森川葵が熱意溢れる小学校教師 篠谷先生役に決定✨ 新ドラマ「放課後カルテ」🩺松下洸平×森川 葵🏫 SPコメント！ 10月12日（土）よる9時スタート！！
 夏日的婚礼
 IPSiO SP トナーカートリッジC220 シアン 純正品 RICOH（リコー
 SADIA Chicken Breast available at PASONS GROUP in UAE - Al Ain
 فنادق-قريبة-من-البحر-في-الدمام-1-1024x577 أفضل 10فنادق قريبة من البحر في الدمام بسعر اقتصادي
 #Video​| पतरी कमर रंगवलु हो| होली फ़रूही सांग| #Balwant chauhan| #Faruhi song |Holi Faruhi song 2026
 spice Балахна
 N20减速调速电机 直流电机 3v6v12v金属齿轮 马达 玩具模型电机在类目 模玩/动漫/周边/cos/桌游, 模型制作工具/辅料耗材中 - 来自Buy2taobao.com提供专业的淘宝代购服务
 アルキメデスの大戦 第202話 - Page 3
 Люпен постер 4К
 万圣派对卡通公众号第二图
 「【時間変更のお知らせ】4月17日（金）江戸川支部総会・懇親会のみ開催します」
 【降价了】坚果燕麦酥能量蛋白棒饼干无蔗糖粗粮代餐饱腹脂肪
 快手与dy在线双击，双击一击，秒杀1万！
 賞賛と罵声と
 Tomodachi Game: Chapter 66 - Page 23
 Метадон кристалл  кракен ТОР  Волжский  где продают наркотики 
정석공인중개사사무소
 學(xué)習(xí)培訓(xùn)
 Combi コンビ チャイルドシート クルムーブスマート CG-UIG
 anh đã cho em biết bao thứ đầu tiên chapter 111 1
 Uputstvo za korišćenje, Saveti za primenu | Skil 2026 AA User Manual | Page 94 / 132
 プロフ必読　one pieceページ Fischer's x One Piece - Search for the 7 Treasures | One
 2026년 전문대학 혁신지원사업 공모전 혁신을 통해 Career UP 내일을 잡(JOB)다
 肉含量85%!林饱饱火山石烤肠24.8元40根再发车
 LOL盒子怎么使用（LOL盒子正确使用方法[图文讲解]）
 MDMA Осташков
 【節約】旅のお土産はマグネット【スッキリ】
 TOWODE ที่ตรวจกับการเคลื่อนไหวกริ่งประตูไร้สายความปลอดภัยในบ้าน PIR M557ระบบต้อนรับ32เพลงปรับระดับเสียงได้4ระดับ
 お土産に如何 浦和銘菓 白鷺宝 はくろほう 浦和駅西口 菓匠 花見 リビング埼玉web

→ **Task item**
Find where the line with "SADIA Chicken Breast" sits in the material above, then copy exactly from it through the line with "где продают наркотики". Add no other line.

→ **Completed exercise**
 SADIA Chicken Breast available at PASONS GROUP in UAE - Al Ain
 فنادق-قريبة-من-البحر-في-الدمام-1-1024x577 أفضل 10فنادق قريبة من البحر في الدمام بسعر اقتصادي
 #Video​| पतरी कमर रंगवलु हो| होली फ़रूही सांग| #Balwant chauhan| #Faruhi song |Holi Faruhi song 2026
 spice Балахна
 N20减速调速电机 直流电机 3v6v12v金属齿轮 马达 玩具模型电机在类目 模玩/动漫/周边/cos/桌游, 模型制作工具/辅料耗材中 - 来自Buy2taobao.com提供专业的淘宝代购服务
 アルキメデスの大戦 第202話 - Page 3
 Люпен постер 4К
 万圣派对卡通公众号第二图
 「【時間変更のお知らせ】4月17日（金）江戸川支部総会・懇親会のみ開催します」
 【降价了】坚果燕麦酥能量蛋白棒饼干无蔗糖粗粮代餐饱腹脂肪
 快手与dy在线双击，双击一击，秒杀1万！
 賞賛と罵声と
 Tomodachi Game: Chapter 66 - Page 23
 Метадон кристалл  кракен ТОР  Волжский  где продают наркотики 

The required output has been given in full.